Alla luce di tutte le considerazioni che precedono e rammentato che la decisione ex art. 28 St. Lav. deve essere di tipo costitutivo-demolitorio, prevedendo in modo dichiarato la norma che, qualora il Giudice ritenga sussistente il comportamento antisindacale del datore di lavoro, deve essere ordinata a costui non solo la cessazione del comportamento illegittimo, ma anche la rimozione degli effetti:

- va dichiarata l’antisindacalità del comportamento di A.S. s.p.a. costituito dall’aver unilateralmente modificato la regolamentazione aziendale in materia di titoli di viaggio "fuori servizio" senza attendere la scadenza del contratto collettivo;

- va ordinato a A.S. s.p.a. di ripristinare la regolamentazione previgente e di astenersi da ulteriori modifiche unilaterali fino al 31.12.2016, data di scadenza del contratto collettivo.

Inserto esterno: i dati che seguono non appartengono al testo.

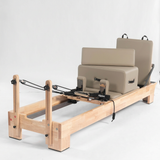 Maple wood non-folding Reformer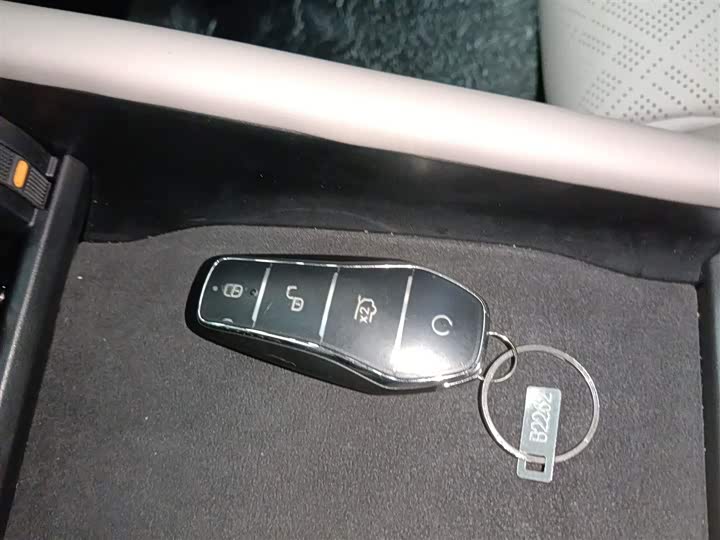 BYD Yuan Plus 2025 2025款 智驾版 510KM 超越型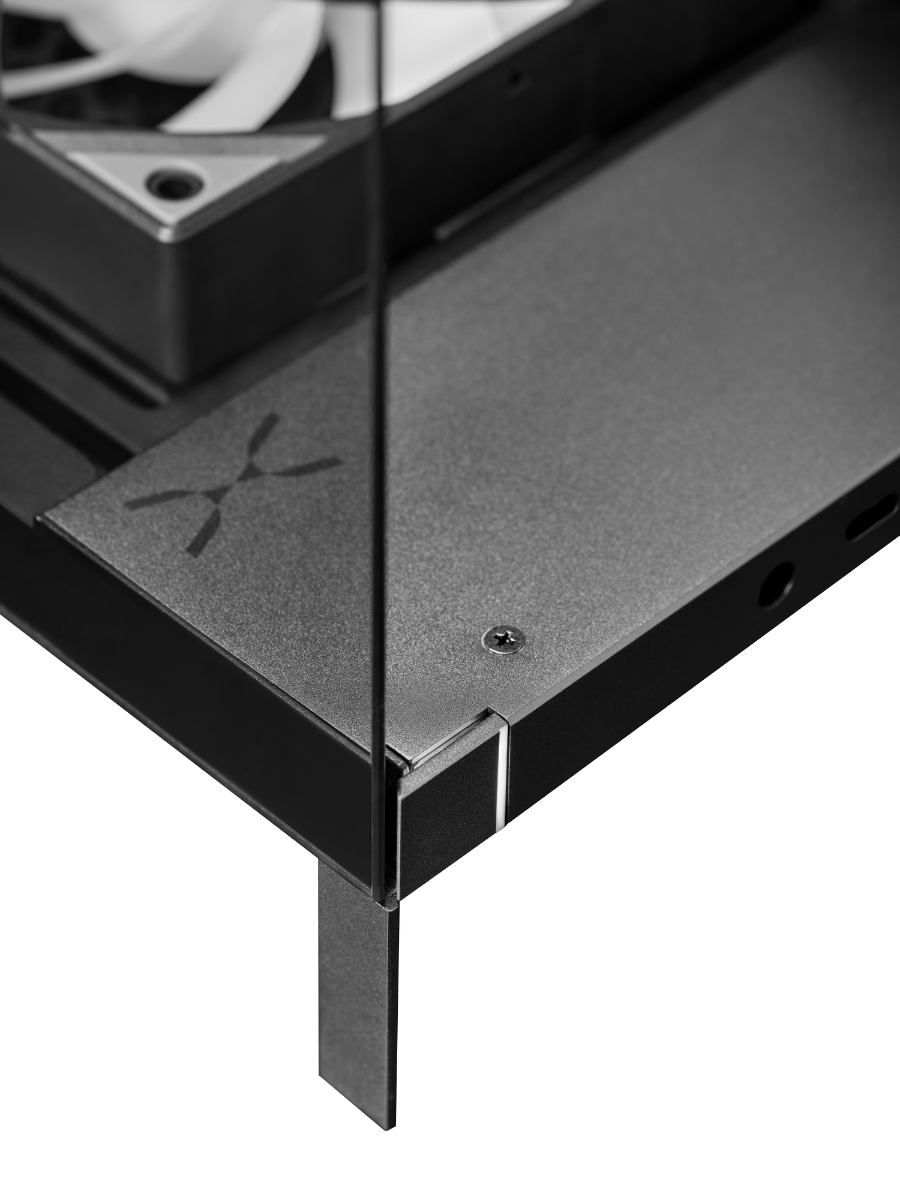 TRYX LUCA L70 BLACK GAMING CASE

Non si fa luogo all’ordine di pubblicazione dell’emanando provvedimento su un quotidiano non ravvisandosi, in carenza di allegazione attorea, alcuna utilità riparatoria/ripristinatoria delle prerogative sindacali a tanto connessa e ulteriore rispetto all’utilità derivante dalla pronuncia del presente decreto e dalla pubblicità che di esso può essere fatta attraverso gli ordinari mezzi di comunicazione sindacale.

Le spese di lite, liquidate in dispositivo, seguono come di norma la soccombenza.

 

P.Q.M.

 

Dichiara l’antisindacalità del comportamento di A.S. s.p.a. costituito dall’aver unilateralmente modificato la regolamentazione aziendale in materia di titoli di viaggio "fuori servizio" senza attendere la scadenza del contratto collettivo.

Ordina a A.S. s.p.a. di ripristinare la regolamentazione previgente e di astenersi da ulteriori modifiche unilaterali fino al 31.12.2016, data di scadenza del contratto collettivo.

Condanna la A.S. s.p.a. al pagamento in favore della Uiltrasporti Lazio delle spese di giudizio, che liquida in complessivi 3.026,00 di cui € 2.631,00 per compensi ed € 395,00 per spese generali, oltre Iva e c.p.a.